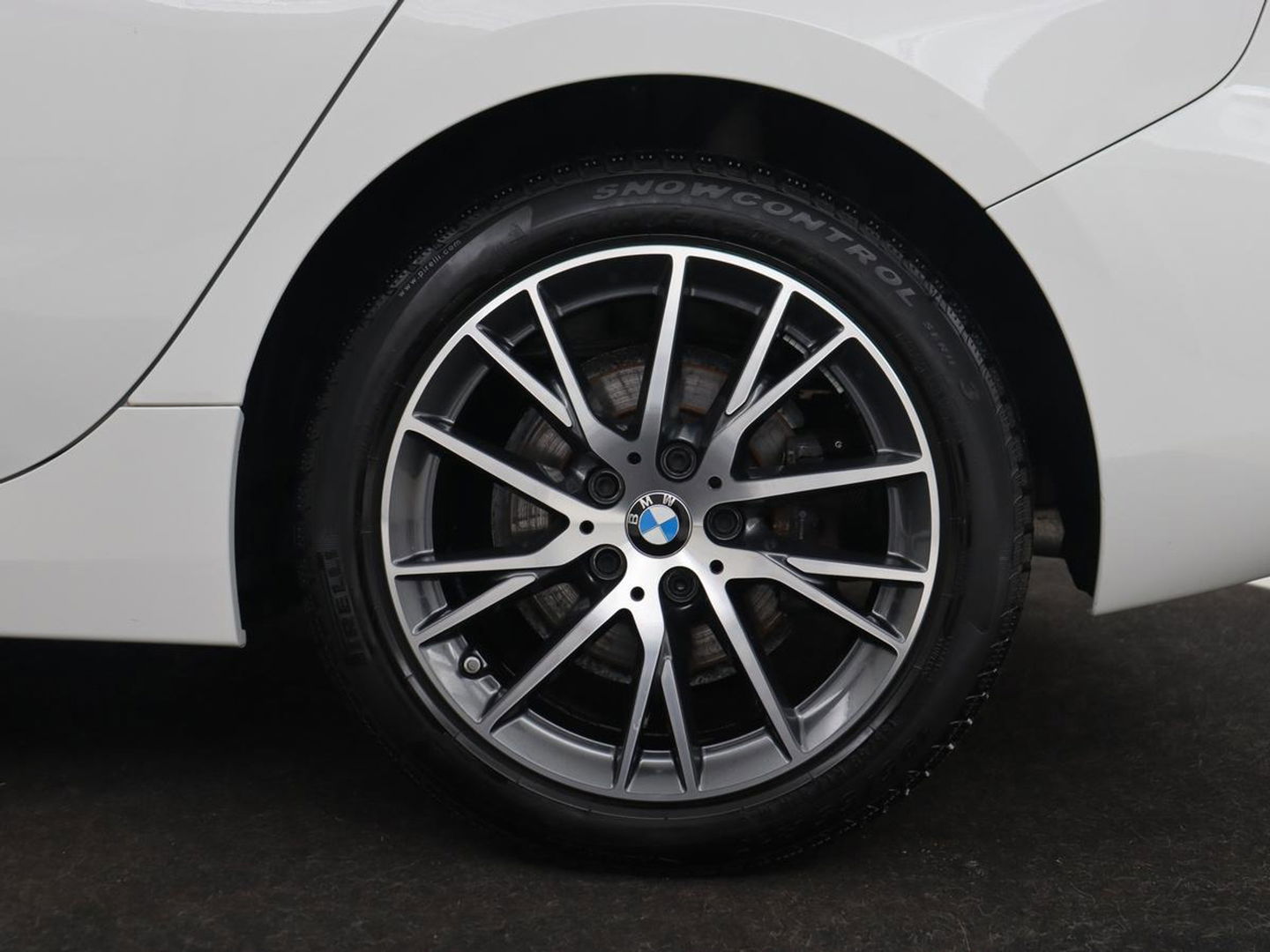 BMW 1-serie 118i High Executive | Sport line | Automaat | Carplay | Navigatie | DAB | Sfeerverlichting | Stoelverwarming | Climate controle | Cruise control | Half Leder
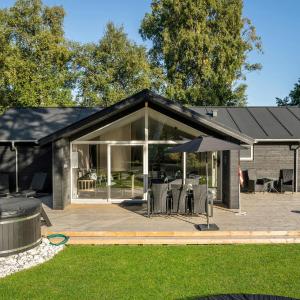 Cozy Home In Grenaa With Kitchen
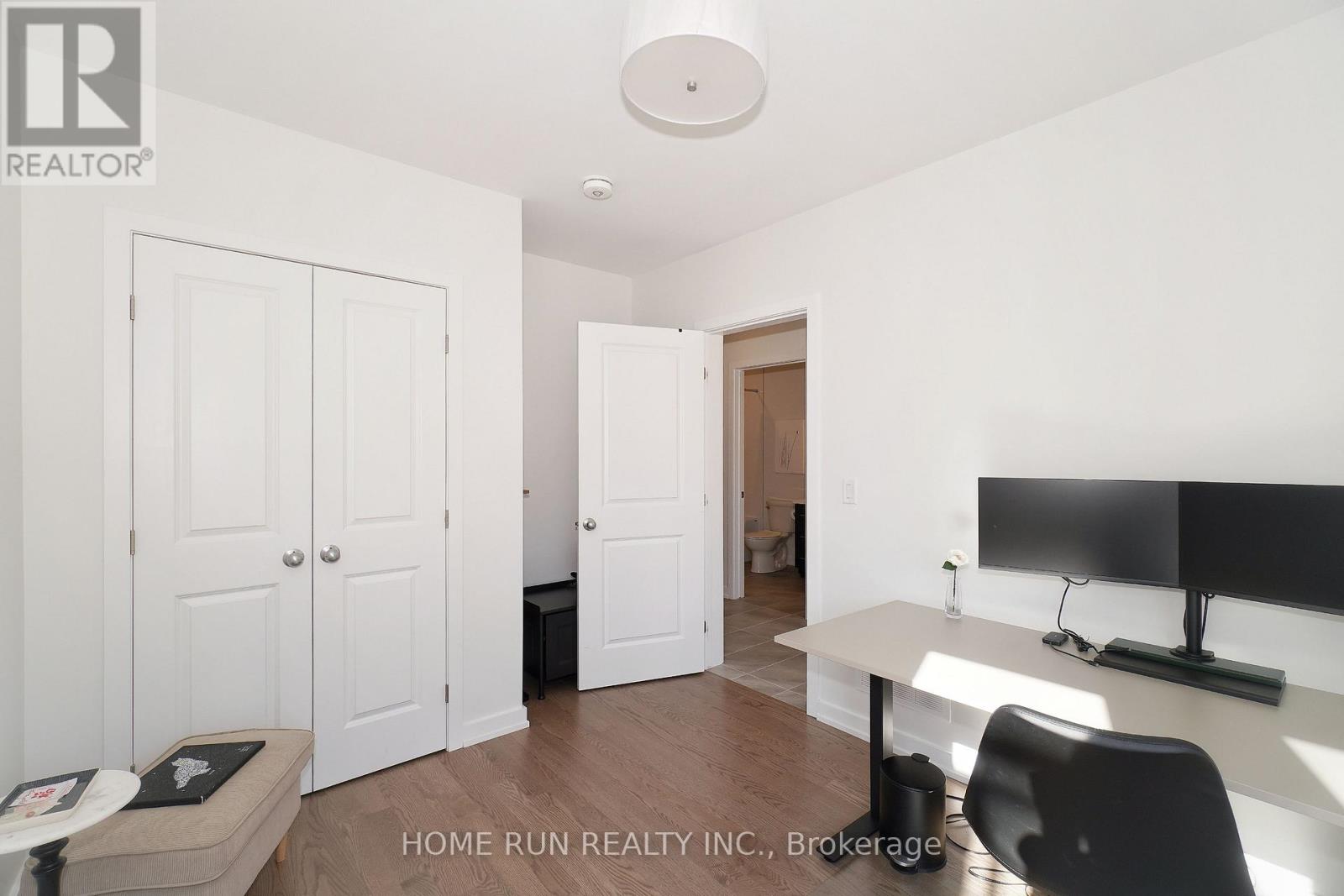 1409 Hemlock Road, Ottawa, Ontario  K1K 5A2 - Photo 24 - X12126316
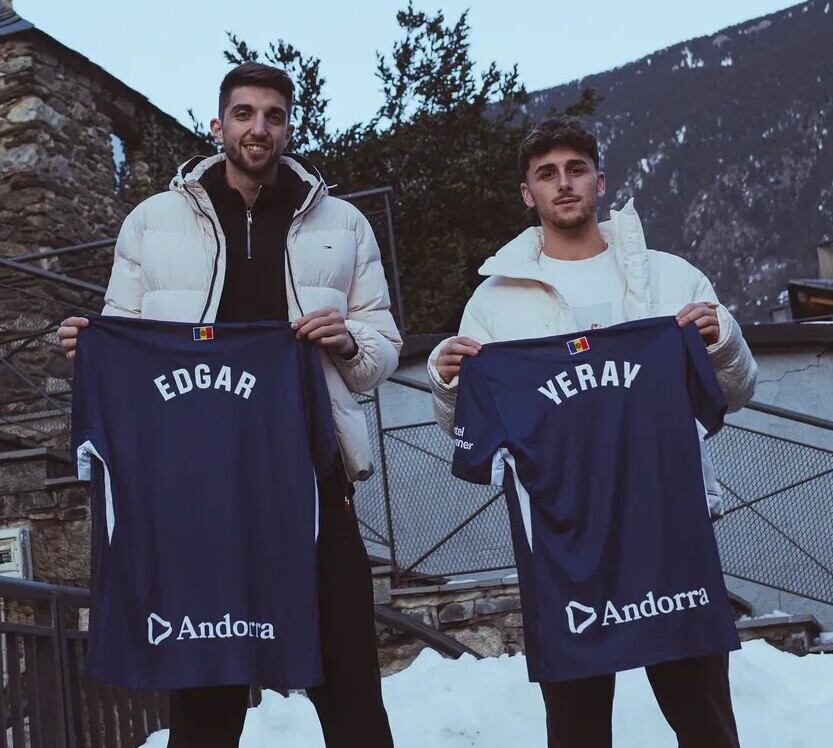 Edgar González i Yeray Cabanzón, presentats amb la samarreta de l'FC Andorra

#####

Aim of the exercise —
Set the pictures aside and reproduce the data above exactly.

Answer space —
 BMW 1-serie 118i High Executive | Sport line | Automaat | Carplay | Navigatie | DAB | Sfeerverlichting | Stoelverwarming | Climate controle | Cruise control | Half Leder
 Cozy Home In Grenaa With Kitchen
 1409 Hemlock Road, Ottawa, Ontario  K1K 5A2 - Photo 24 - X12126316
 Edgar González i Yeray Cabanzón, presentats amb la samarreta de l'FC Andorra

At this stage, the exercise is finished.